_ASSIGNMENT_: The required output is a copy of each line in the material below that includes "with".

_MATERIAL FOR THIS EXERCISE_:

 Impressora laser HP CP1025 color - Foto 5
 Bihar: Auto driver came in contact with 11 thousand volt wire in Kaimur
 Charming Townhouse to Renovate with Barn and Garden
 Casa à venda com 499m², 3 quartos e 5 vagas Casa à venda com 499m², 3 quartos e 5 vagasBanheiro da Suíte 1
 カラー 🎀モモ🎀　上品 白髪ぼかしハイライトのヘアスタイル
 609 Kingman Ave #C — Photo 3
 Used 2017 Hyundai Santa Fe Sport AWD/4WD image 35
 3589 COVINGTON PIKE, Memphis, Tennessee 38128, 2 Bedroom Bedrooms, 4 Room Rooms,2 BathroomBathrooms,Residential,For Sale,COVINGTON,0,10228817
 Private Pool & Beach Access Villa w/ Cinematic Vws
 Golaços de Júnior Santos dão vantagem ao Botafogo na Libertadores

_EXERCISE ANSWER_:
 Bihar: Auto driver came in contact with 11 thousand volt wire in Kaimur
 Charming Townhouse to Renovate with Barn and Garden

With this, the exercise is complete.